4-: From a correspondence from Paris, France, published in The Daily News (London, England) of Tuesday 23rd July 1872:

The division list, showing a majority of 96 for M. Thiers on the principle of increased taxes on raw materials, is worth studying. While M. Gambetta, and such of his friends as he could influence, voted with the Government, I notice in the minority the following dozen names of Republicans who could not bring themselves to vote against their free-trade principles from political considerations:—MM. Louis Blanc, Taxile Delord, Jules Favre, Greppo, Laboulaye, Naquet, Ordinaire, Pascal Duprat, Scheurer Kestner, Schœlcher, Tirard, and Tolain. The Orleans Princes agreed not to agree upon the subject; and on the principle, I suppose, of having a foot in each camp, the Prince de Joinville voted for M. Thiers, and the Duc d’Aumale against him.
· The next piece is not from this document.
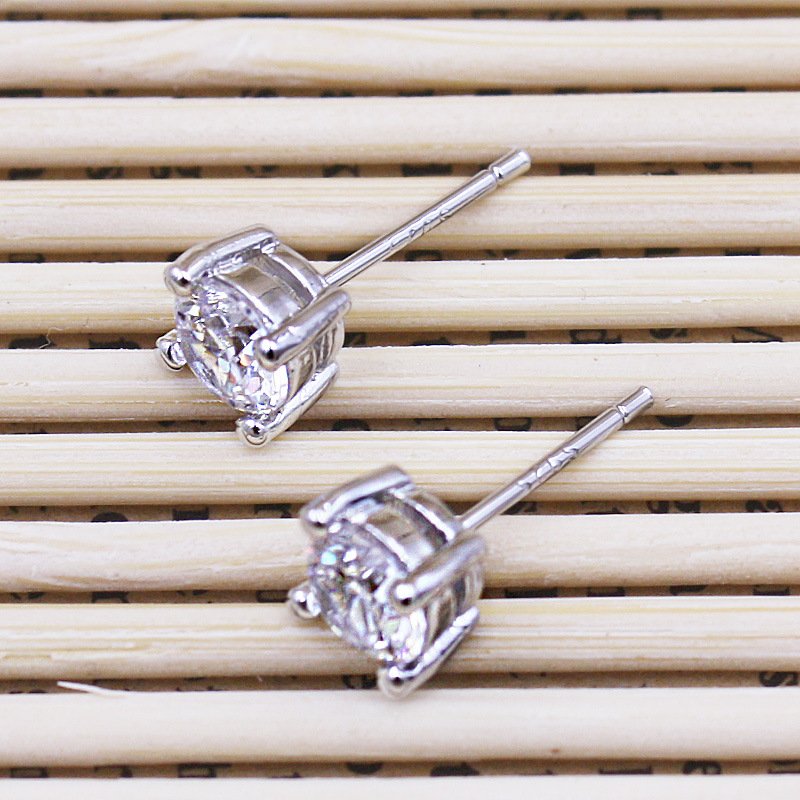 S925 pure silver four claw earrings for women, simple and popular, sweet earrings, mini and compact ear buckles, elegant zircon earrings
5-: From the translation of a speech given at Moulineaux, in Normandy, by the French magistrate and politician Edgar Raoul-Duval (1832-1887)—translation published in The Standard (London, England) of Thursday 22nd August 1872:

He awaited the issue of the struggle with a foot in each camp. Whichever way the battle terminated, there would be a place for him; for, although he took no ostensible part in the insurrection, which pillaged, burnt, and assassinated, he did not in any way disavow or condemn it.
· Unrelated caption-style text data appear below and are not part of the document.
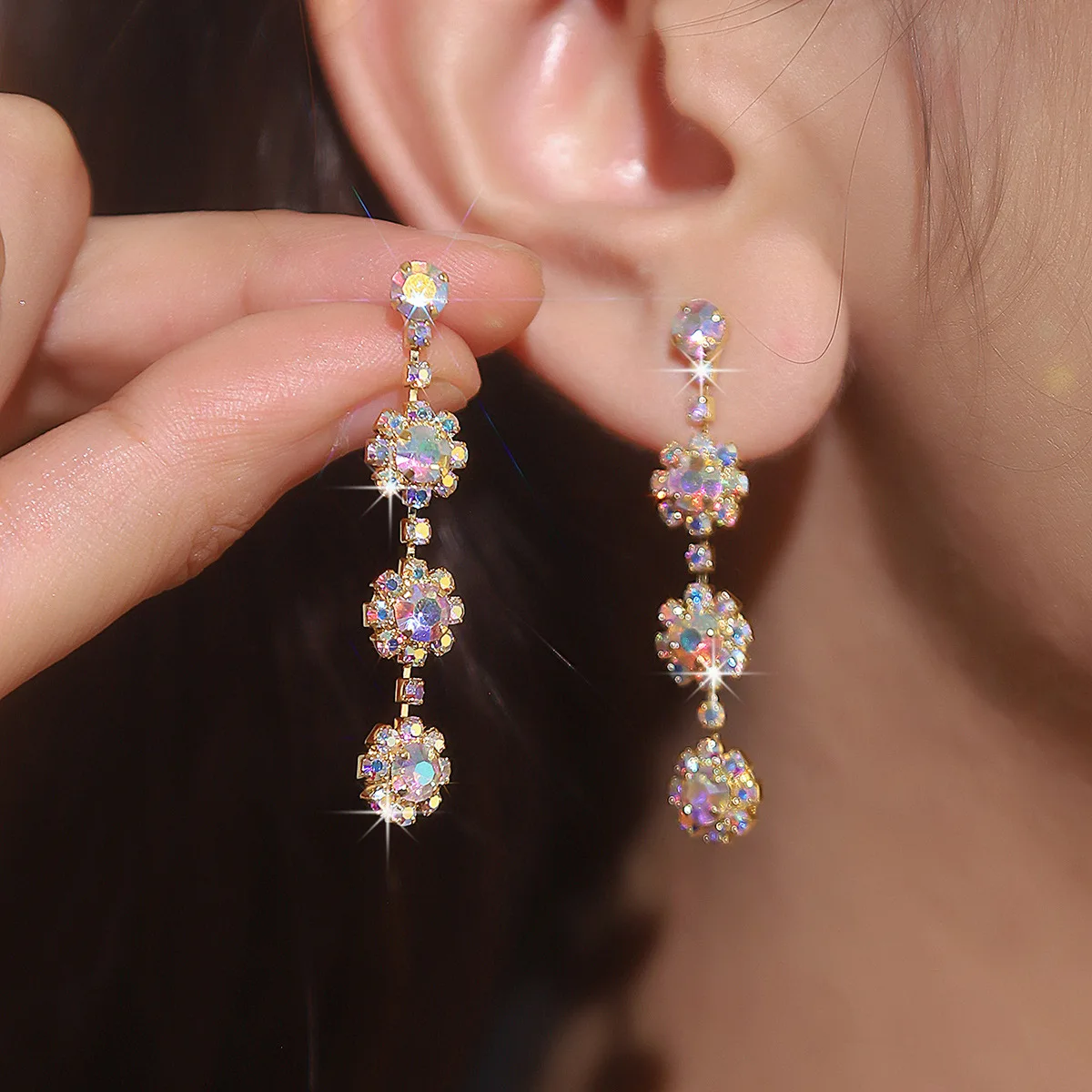 Source Simple and versatile geometric AB rhinestone stud earrings for women, niche design snowflake earrings, earrings, ear jewe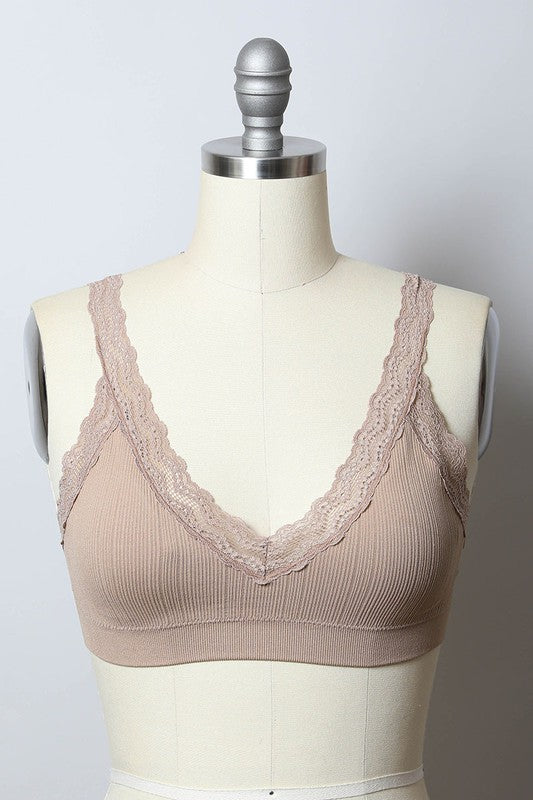 LACE TRIM PADDED BRALETTE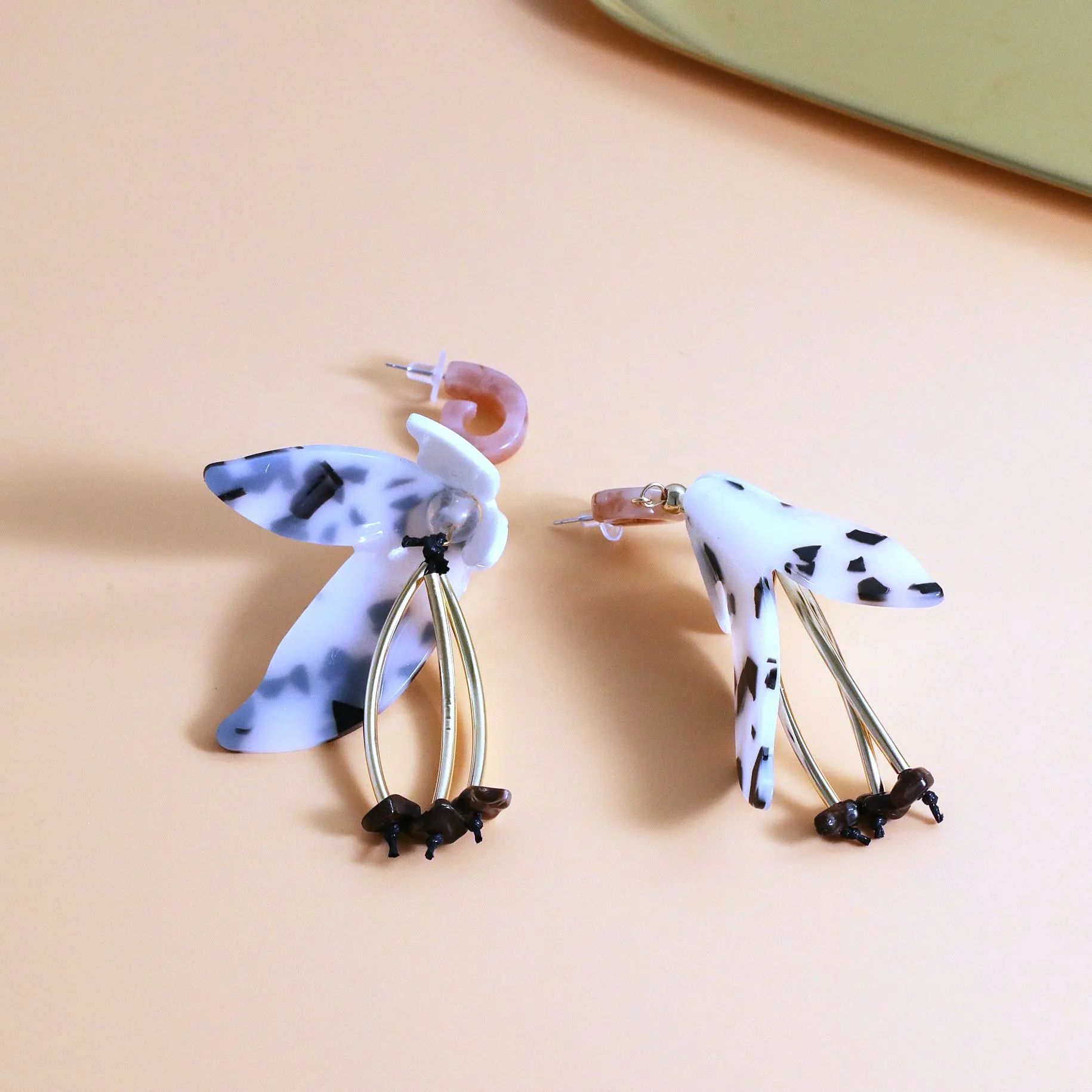 बोहेमिया गहने पंख क्लस्टर डिजाइन एक्रिलिक ड्रॉप कान की बाली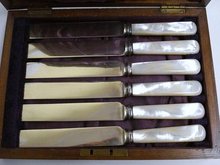 DINNER KNIVES - VICTORIAN BOXED SET of 6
6-: From Men of the Third Republic: M. Jules Simon, a biography of the French statesman and philosopher Jules Simon (1814-1896), published in The Montrose, Arbroath, and Brechin Review (Arbroath, Angus, Scotland) of Friday 7th February 1873:

M. Simon came back to France again, and in 1861 caused a new stir by some lectures at St Quentin and Verviers, intended to promote the creation of “cités ouvrières” (model lodging-houses). The Prefect of Police conveyed to him, through the medium of a common friend, that the Government could not allow any movement for the improvement of the working classes to be undertaken, unless the name of Napoleon were mentioned eulogistically in connection with it. M. Simon answered that 60,000 francs had been raised in one city and 240,000 francs in another on behalf of the model lodging-house movement without the co-operation of Napoleon’s name, and that he really could not see what that name had to do with the matter. He was told, in reply, that he had better take care of himself, and that the eye of the Rue de Jerusalem 4 would be upon him. From this moment friends who had a foot in both camps, Liberal and Cæsarial—MM. Duruy, Caro, and others—began to play the pumps of cajolery on Jules Simon. They tried to win him over.
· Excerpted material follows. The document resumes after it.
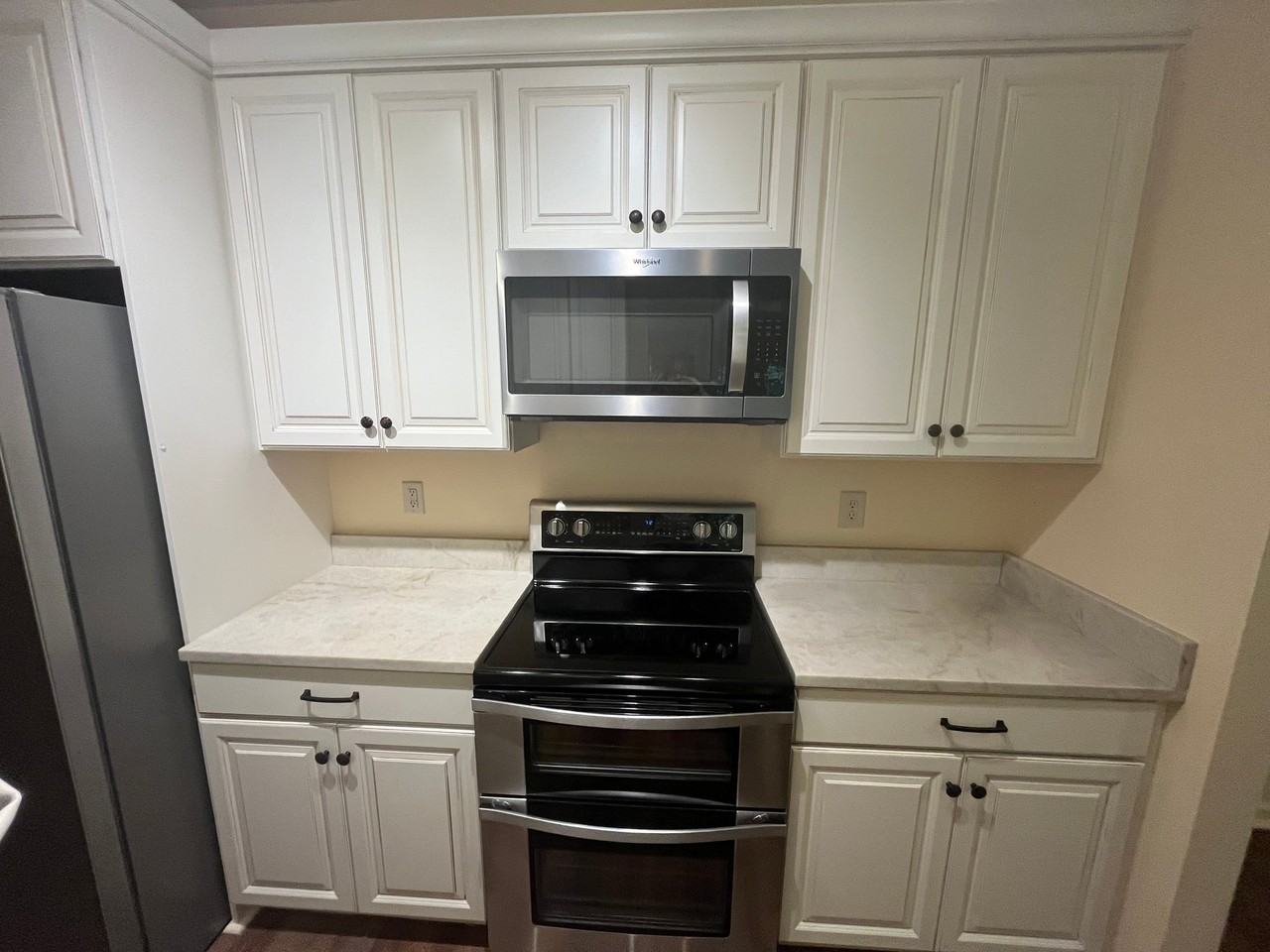 400 Vista Lake Dr #208 - Photo 4 of 19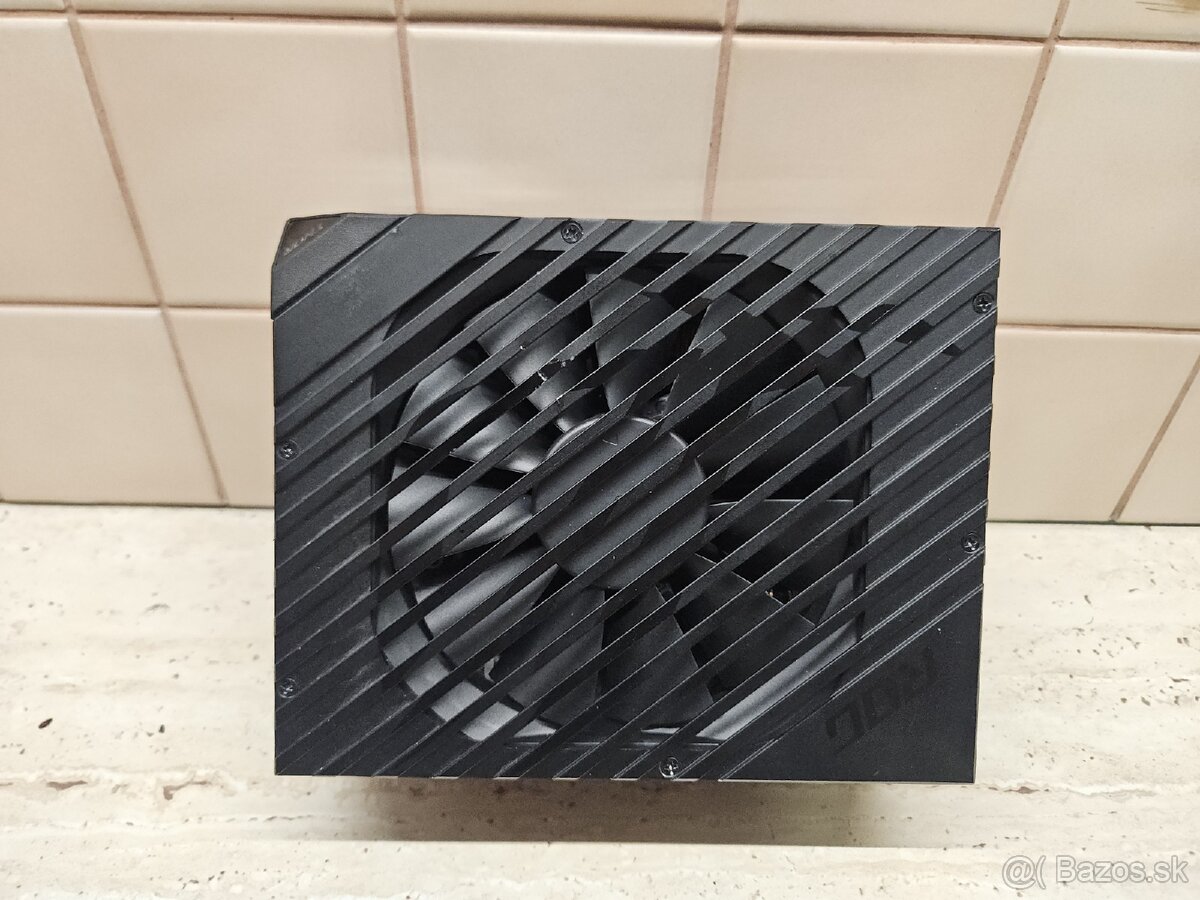 Asus ROG THOR 1200W Platinum - 6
4 La Préfecture de Police (the police headquarters) was located on rue de Jérusalem, in Paris, France.

7-: From a correspondence from Paris, France, published in Trewman’s Exeter Flying Post (Exeter, Devon, England) of Wednesday 28th October 1874:

Imperialism is an exception to being benefited by having two strings to its bow. It says to the Monarchists, “I am son of the Revolution, have killed my mother, have adopted hereditary monarchy and its accessories;” to the Republicans it makes the allocution, “I do not belong to the ancient regime, but to modern society, and advocate universal suffrage, provided I be entrusted with its manipulation.” Thus, Bonapartism endeavours to keep a foot in both camps, to run with the hounds, and hold with the hare.